The End Of Life for Ruby 2.7, which we currently use in GitLab, is expected to be March 2023 based on life expectancy of previous major releases, so we want to complete this upgrade sooner than later. Ruby 3.0 has also a few additional, even though minor, improvements that could be beneficial regarding performance, concurrency and static analysis.
In 15.0, we have achieved our primary goal of achieving a green Ruby 3 GitLab build.
In 15.1, we plan to remove any other remaining blockers and work towards adding Ruby 3 builds for various components and GitLab libraries. We don't expect to switch our Ruby 2 and Ruby 3 testing pipelines yet, but we'll be monitoring and prepare for when we are ready to build Ruby 3 by default.
The existing SLI for global search is defined over a single end point (/search
). That means that there is no visibility for the performance
or other issues encountered on the different types of searches (basic / advanced) or scopes (e.g. code, issues, merge requests, etc).
Those types of searches and scopes vary in execution approach (through Elasticsearch, PostgreSQL or even Gitaly) and characteristics, which makes the aggregate performance and error metrics not that useful.
We want to support the Global Search Group on setting up the custom SLIs for this overloaded end point.
We will follow the results of the discussion with the Scalability team and start by introducing the global_search_apdex
and global_search_success
custom SLIs.
We will also evaluate how can we facilitate the introduction of the global_search_indexing_apdex
custom SLI.
We have identified several workers that occasionally consume more than 1 GB of memory and are regularly hitting Out Of Memory conditions, resulting in more than 1000 OOM kills observed on Sidekiq containers in GitLab.com per day.
We are working on identifying the underlying issues that cause those problems and find ways to address them. As a longer term goal, we plan to improve our dashboards in order to better detect similar situations and, if possible, figure out ways to detect situations where the kernel kills a process, which would be valuable both in this case and future investigations.

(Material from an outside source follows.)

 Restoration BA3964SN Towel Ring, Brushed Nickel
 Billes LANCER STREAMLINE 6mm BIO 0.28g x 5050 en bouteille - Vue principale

Investigate ways to create tooling for remote diagnosis, extend tooling and reporting inside the Rails app and Utilize GET deployments for performance tests.
We have found evidence that the memory killers we run as part of the GitLab Rails application are either not working at all, or not working as intended. They also do not work well in environments like Kubernetes where container-level resource management is enforced by the container runtime. However, in-application memory killers can be beneficial to stay on top of high resource use by restarting application processes in a controlled fashion so as to minimize user disruptions.
We are therefore investigating ways to improve or redesign these memory killers.
Rate limiting category was recently added to Application Performance group. Please see this MR for more context. Application Performance group will take the ownership of general rate limiting framework, and each product group is responsible for ensuring their API endpoints and other features have the right rate limits settings.
Note: while it's in our category now and on the future roadmap, as Application Performance has not picked up the knowledge yet and also due to other ongoing priorities, we are not able to provide any support or are not responsible for any existing rate limiting features at the moment.
We plan to revisit our metrics to cover more application performance concerns.